Why Does The Dask Cluster Seem Idle When Training A XGBoost Model?

When training XGBoost models on a dask cluster, parallelization of the training step is handed off to rabit, which uses all available threads on each dask worker. From the user’s perspective, the dask dashboard may seem idle during this phase of the workflow, but watching the CPU Utilization tab will give visibility to the training step, even though the dask task stream is empty. By default, xgboost uses all available threads on each worker for training. Here, we train on a dask cluster with 10 workers, and compare the performance of multiple EC2 Instance Types, with the following execution time / behavior. Later in the post, we will explore this further.

EC2 Instance Type

# Cores

Memory (GiB)

Training time / iteration

m6i.xlarge

4

16

Training doesn’t start after 5 minutes, killed

m6i.2xlarge

8

32

Training succeeds, 90–180-seconds – some trials fail with ../rabit/include/rabit/internal/utils.h:86: Allreduce failed

m6i.4xlarge

16

64

Training succeeds, 90–180-seconds


Model Training Outcomes

Below, we can see the outcome of our hyperparameter optimization experiment. This shows the progression of the rmse during the optimization process. We trained 129 separate models using 5-Fold Cross-Validation, with the best model having a rmse=286.4 seconds.

../_images/optimization_history.png

We can also inspect the impact of different hyperparameters on the overall model performance, as shown in the Hyperparameter Importances plot below.

../_images/hyperparameter_importances.png

At this point, we have the option of training a model using the best_params from our Optuna Study to save for deplopyment, or optionally, doing additional experimentation based on the most current set of results.


Diving Deeper Into Training XGBoost on Dask

In the above look at the impact of Dask workers based on different EC2 Instance types on model training, we observed dramatically different performance during the XGBoost model training phase of our workflow.

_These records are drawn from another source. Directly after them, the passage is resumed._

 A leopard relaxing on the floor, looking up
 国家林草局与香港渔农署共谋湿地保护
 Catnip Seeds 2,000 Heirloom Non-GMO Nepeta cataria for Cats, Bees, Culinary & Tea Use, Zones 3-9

We can leverage recent work with Grafana by the team at Coiled to delve into these differences.

../_images/m6i.xlarge_workers_xgboost.png

The above Grafana plot show cluster-wide memory-usage during the dispatch train step for ourour workflow. The white line is total memory usage, the green line is total dask memory usage, and the yellow line is total_occupied_memory. Normally, we expect dask’s view of memory and the host’s view of memory to be very close. Recall however, that training the XGBoost model is dispatched to the rabit library.

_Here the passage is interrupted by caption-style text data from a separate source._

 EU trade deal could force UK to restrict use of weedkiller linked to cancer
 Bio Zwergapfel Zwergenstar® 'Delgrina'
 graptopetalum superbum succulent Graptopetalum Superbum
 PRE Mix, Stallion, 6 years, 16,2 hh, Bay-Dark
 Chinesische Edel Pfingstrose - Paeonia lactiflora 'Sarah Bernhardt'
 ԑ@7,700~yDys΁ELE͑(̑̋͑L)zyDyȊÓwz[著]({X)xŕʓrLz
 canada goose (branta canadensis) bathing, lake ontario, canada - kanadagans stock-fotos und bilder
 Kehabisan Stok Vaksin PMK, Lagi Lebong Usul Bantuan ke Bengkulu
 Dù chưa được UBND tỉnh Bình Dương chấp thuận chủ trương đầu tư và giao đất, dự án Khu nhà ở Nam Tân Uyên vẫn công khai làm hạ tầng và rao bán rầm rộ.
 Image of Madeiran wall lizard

At about the 09:30:10 mark, the Grafana dashboard shows memory pressure falling, which is consistent with what is reported on the dask dashboard. But host memory pressure spikes at 09:30:15. This happens when model training is dispatched to rabit. Dask has no visibility to this process, so everything looks fine on the dask dashboard, but Grafana sees this on the host. In fact, the memory pressure was so high that at least one EC2 instance was unable to report metrics for about 20 seconds, as evidenced by the apparent dip in total_cluster_memory. We also see that, during this 17-second time window, no tasks are completed.

By comparison, the following plots show the same views during the dispatch step, when run on a cluster provisioned with m6i.4xlarge workers.

../_images/m6i.4xlarge_memory.png
../_images/m6i.4xlarge_dispatch.png

Notice the much smaller gap between the host’s view of memory usage and dask’s view of memory usage on the cluster.

To extend on this further, the following plot shows total memory usage during an AllReduce error event. Observe the gap between the host’s view of memory and dask’s view.

../_images/m6i.2xlarge_memory.png

While we have no idea how this will (or will not) manifest when deploying Dask to different deployment environments, it’s a potential pitfall when training XGBoost models with Dask. It also presents a potential opportunity for enhancements in future work.